3 Magic Tricks for Making Your Product Descriptions GLISTEN—And Your Sales Soar ?

WRITERS WILL BE PAID LIKE DOCTORS.

I’ve been predicting this for a long time, in part because I’m a creepy writer monster, but also in part because I’ve been watching the internet carefully for eleventy hundred years, now, and I saw the direction it was going: words are business FUEL—and businesses need more fuel now than ever.

Glug, glug, chumpy chomper!

(What is a chumpy chomper, you ask? A snooty, well-manicured man wearing light blue Tommy Bahama shorts with little whales all over them, obviously.)

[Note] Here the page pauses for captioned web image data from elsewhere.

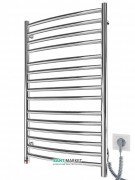 Електричний полотенцесушитель Mario Фенікс-I 830x500 мм 4820111354672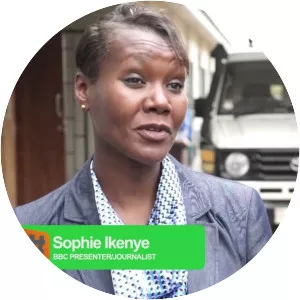 Sophie Ikenye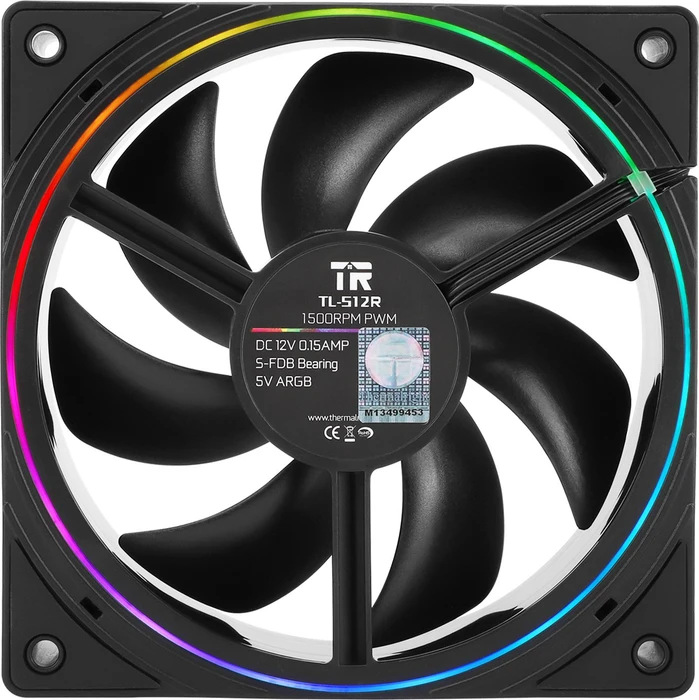 Thermalright TL-S12R, 120mm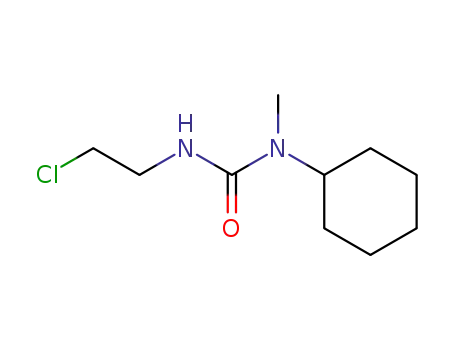 Urea, N'-(2-chloroethyl)-N-cyclohexyl-N-methyl-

Now that prediction has just been accelerated by 500,000,000%. Now that we’ve all been forced into one giant room online, rather than many separate meeting rooms happening in buildings across the world, all business is happening online: which means that companies need to get much better at selling online.

I started writing to you about this earlier this week, but had to do a couple of make-up sessions of my “How to Create and Sell Your First Online Workshop” workshop (very meta), SO ALAS, I’m sending this missive along now because:

(a) For my writer friends out there, your career is about to take off.

(b) For my non-writers friends out there—by which I mean anyone who doesn’t fashion themselves a writer but writes anyway because business demands it (hello sales pages and emails and Instagram posts!)—your career is about to take off, too…so long as you learn how to sell with your words.

Right now, there is no in-person schmoozing, networking, wheeling, dealing. There are no stores to walk into. There are no sales happening OUTSIDE of the internet, right now.

So the only way that anything’s going to sell right now?

Is because of words on a screen.

So a few helpful pieces of wisdom if you’re relying on words more than ever to sell your ideas, your services, your products, your business?

  1. Selling is not about your product. It’s about the person who needs it.

    Try selling a baseball to your 7-year-old kid. Then try selling one to your 70-year-old aunt. You’re going to take two very different approaches, right? This is only natural. And yet, the minute you hop online to sell something, everyone’s like, “I’M GOING TO SAY THE ONE THING THAT WILL APPEAL TO EVERYONE!” As if that were a thing. You’ve only got two choices here: figure out whether you’re selling a baseball to a 7-year-old or a 70-year-old. Or, sell it to both, but do it on two separate pages.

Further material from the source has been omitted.